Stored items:
*** Begin section ***
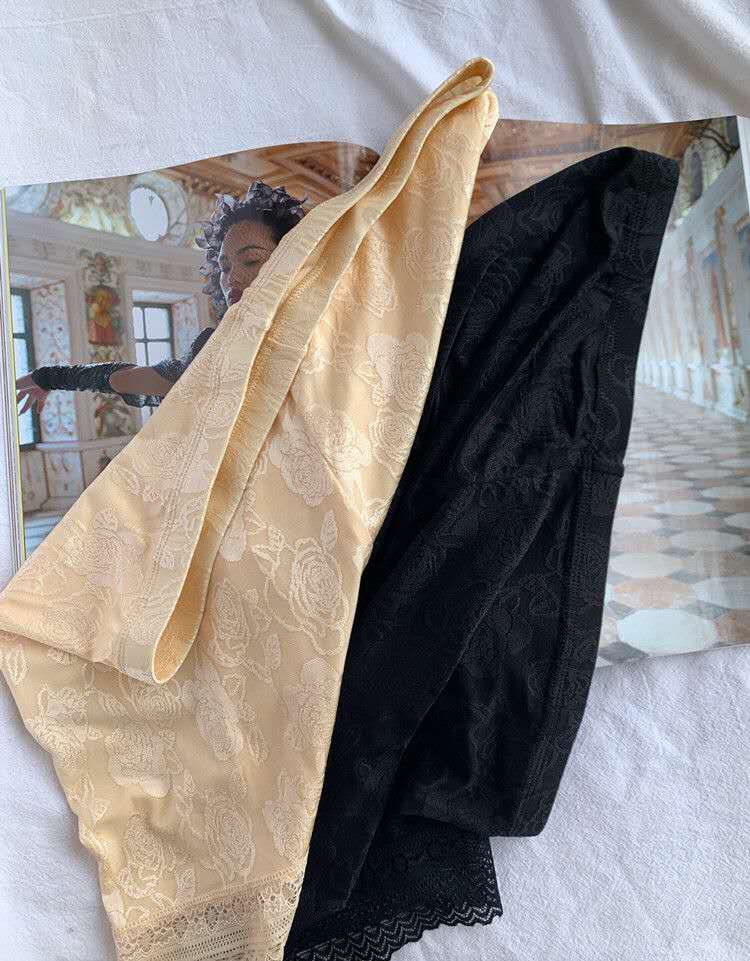 The Internet has gone viral with ice silk nylon jacquard lace edge summer anti-exposure, fat and plus-size mid-high-waisted safety pants detail image 5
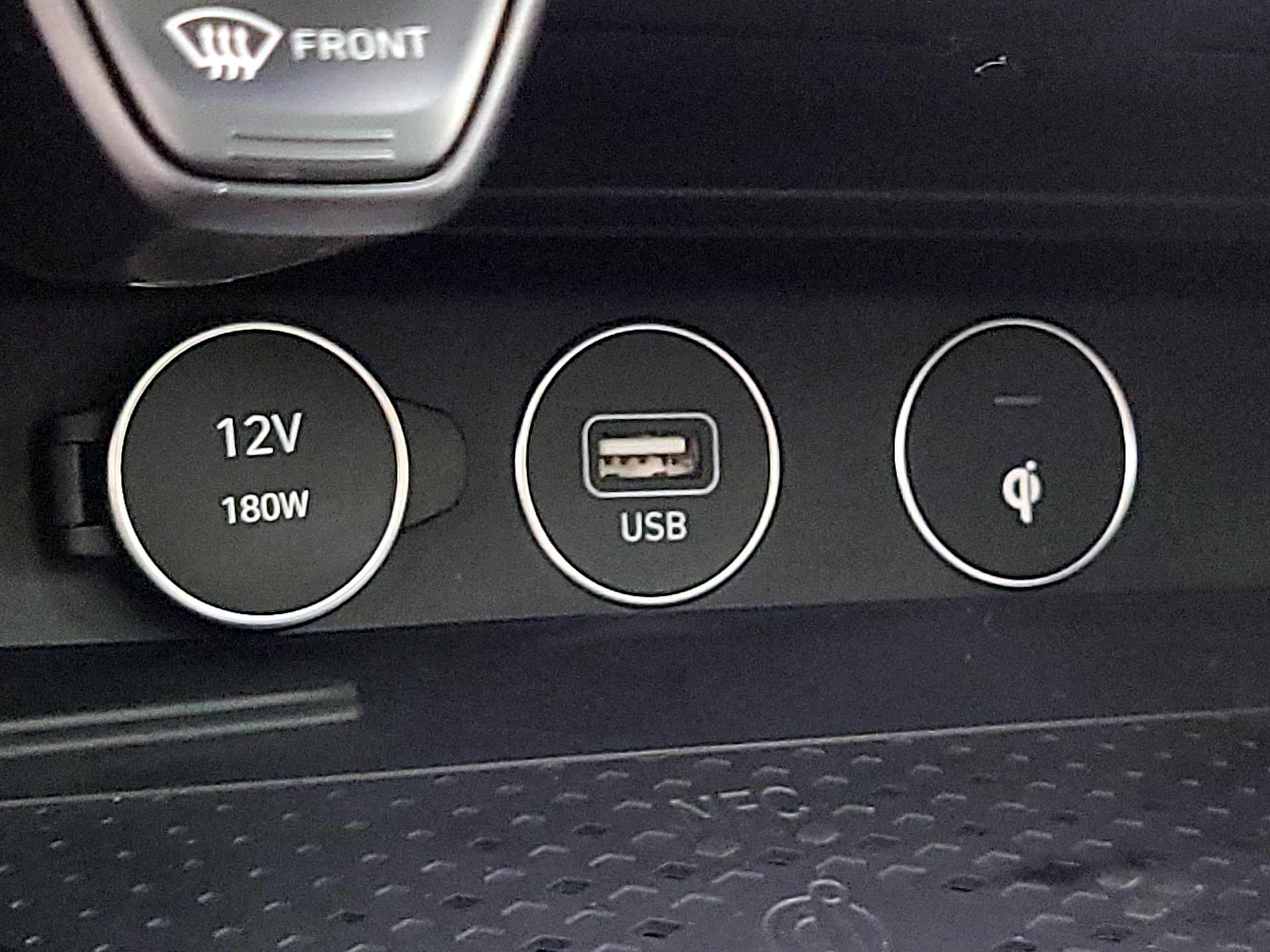 Thumbnail: 2022 Genesis G70 - 19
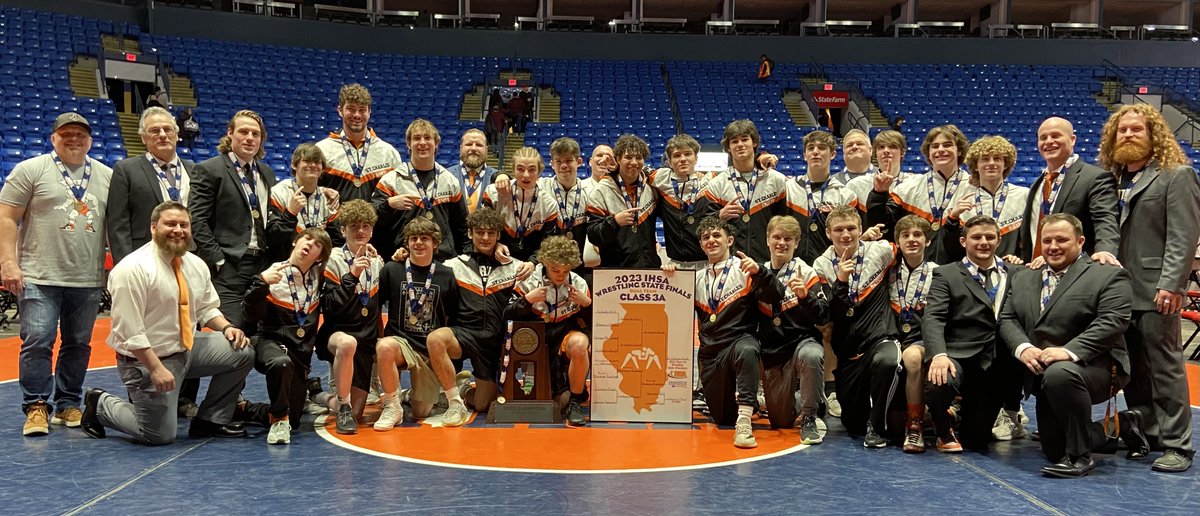 🤼2⃣0⃣2⃣3⃣ @IHSASTATE DUAL TEAM #WRESTLING🏆

🏆1⃣A🏆
🥇Coal City
🥈Yorkville Christian
🥉Lena-Winslow
🏅Oakwood Coop

🏆2⃣A🏆
🥇Washington
🥈JCA
🥉Wauconda
🏅Geneseo

🏆3⃣A🏆
🥇St. Charles East
🥈Marmion
🥉Lockport
🏅Yorkville

🔗Results⏩trackwrestling.com/tw/Login.jsp?t…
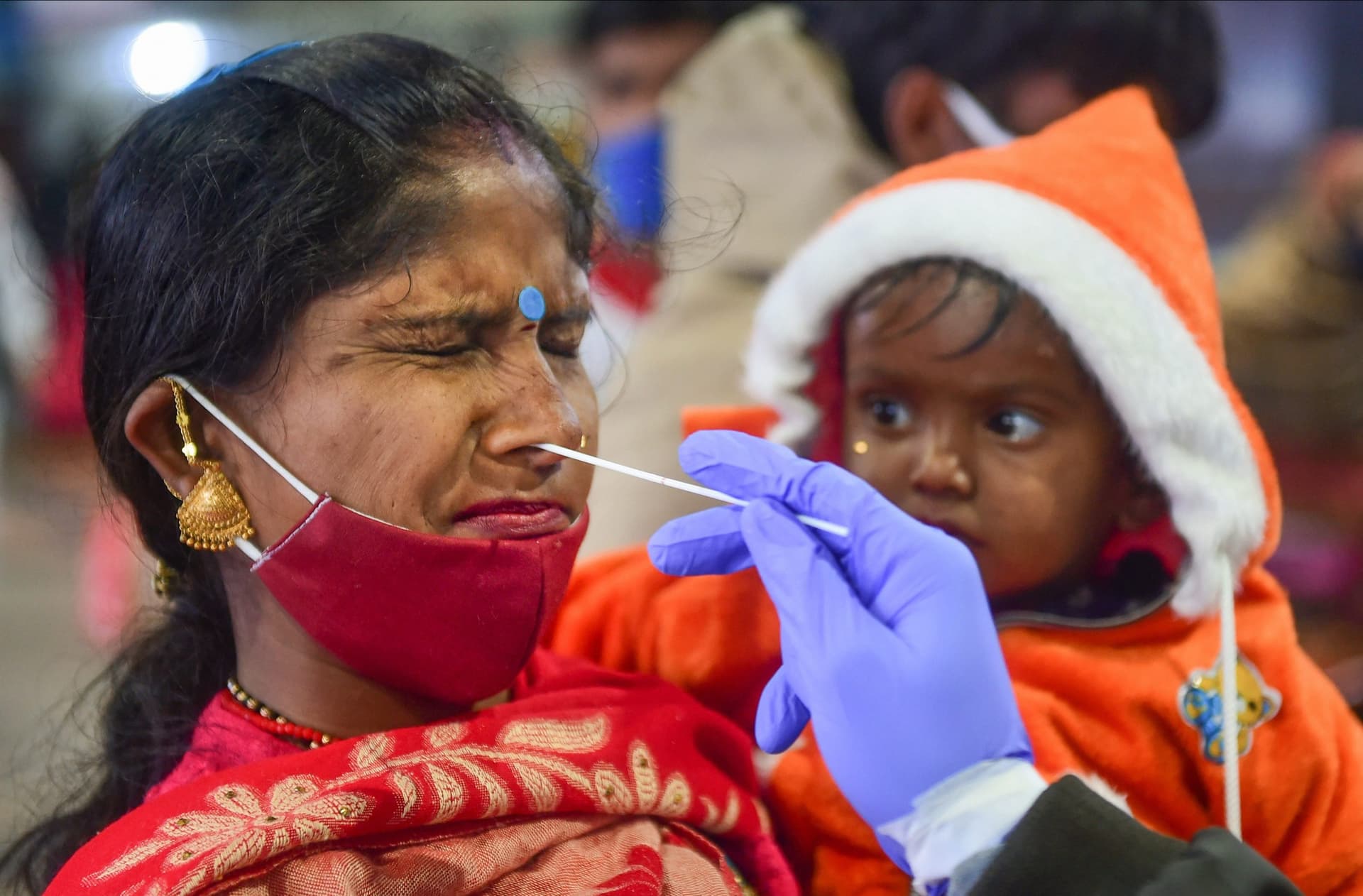 Omicron Coronavirus LIVE Updates: महाराष्ट्र में एक दिन में मिले 46,723 मामले, 'ओमिक्रॉन' के 86 मरीज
*** End section ***
_Exercise requirements_
What is needed is an exact copy of the entries above, with no images in it.

_Problem solution_
 The Internet has gone viral with ice silk nylon jacquard lace edge summer anti-exposure, fat and plus-size mid-high-waisted safety pants detail image 5
 Thumbnail: 2022 Genesis G70 - 19
 🤼2⃣0⃣2⃣3⃣ @IHSASTATE DUAL TEAM #WRESTLING🏆

🏆1⃣A🏆
🥇Coal City
🥈Yorkville Christian
🥉Lena-Winslow
🏅Oakwood Coop

🏆2⃣A🏆
🥇Washington
🥈JCA
🥉Wauconda
🏅Geneseo

🏆3⃣A🏆
🥇St. Charles East
🥈Marmion
🥉Lockport
🏅Yorkville

🔗Results⏩trackwrestling.com/tw/Login.jsp?t…
 Omicron Coronavirus LIVE Updates: महाराष्ट्र में एक दिन में मिले 46,723 मामले, 'ओमिक्रॉन' के 86 मरीज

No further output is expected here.